As we walked back to Robert’s apartment, we wondered what he would make of hearing a new take on his famous Orion correlation theory. He might love it but, then again we were well aware that he might not.

A Possible New Angle on the Orion Theory

Without doubt Robert Bauval is ‘master of the Giza Plateau’ and one does not lightly tell him that he might be wrong. So we didn’t attempt to. But we did show him an argument for considering one significant adjustment to his famous theory.

What we had found was based on our discovery that ancient cultures measured stars by timing their relative movements with pendulums. It seems that nobody, including Robert, had ever given a great deal of thought to how the pyramid builders of Giza had measured the relative position of the stars in order to map them so accurately onto the ground. It appears that most commentators have simply assumed the builders did it by looking upwards to gain a mental impression of the star group and then drawing the arrangement on a sheet of papyrus or a slate before evolving their awesome ground plan through artistic interpretation alone.

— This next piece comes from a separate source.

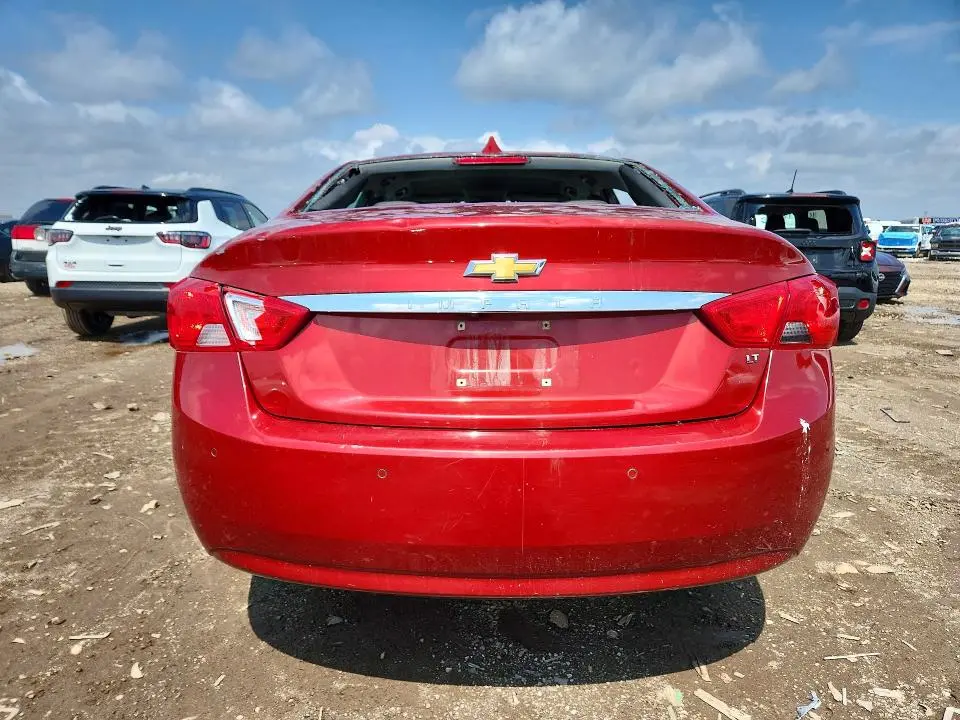 2014 CHEVROLET IMPALA LT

In our opinion this simply would not work, or rather it would not work to the level of accuracy we knew existed in terms of the Giza pyramids and Orion’s Belt.

Our years of work on prehistoric and ancient metrology had already taught us to respect these long-gone builders as true engineers, rather than casual artists. The magnificent quality of the Thornborough and Giza layouts screams out that there was heavy-duty science behind their unerring accuracy.

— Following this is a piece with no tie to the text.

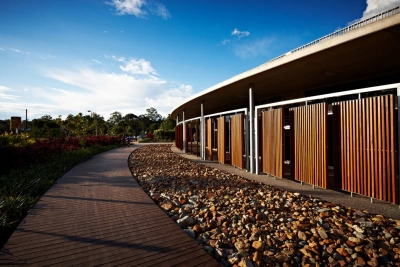 Cooroy Library Brewster Hjorth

Because stars as seen in the night sky are little more than ‘pin pricks’ of light, any two stars can be compared with any two objects on the ground at any arbitrary scale. But when three stars are compared to three terrestrial objects, unless there is a flawless fit, one has to decide which two are correct (as two always will be) so that the degree of inaccuracy for the placement of the third can be established. The standard way of comparing the three main Giza pyramids with the shape of the stars of Orion’s Belt, both by Robert and his critics, is to consider Khufu’s and Khafre’s pyramids as being the ‘correct’ ones and then arguing a smallish error in the placing of Menkaure’s pyramid (the southernmost and by far the smallest of the three).

We are as certain as it is possible to be that this is not a correct assumption. Because the tool employed was the pendulum, and because we know from our findings at Thornborough and elsewhere that distances on the ground were direct translations of time in the sky, we knew that the outer two pyramids (Khafre and Menkaure) had to be positioned first and then the central pyramid of Khufu fitted in last.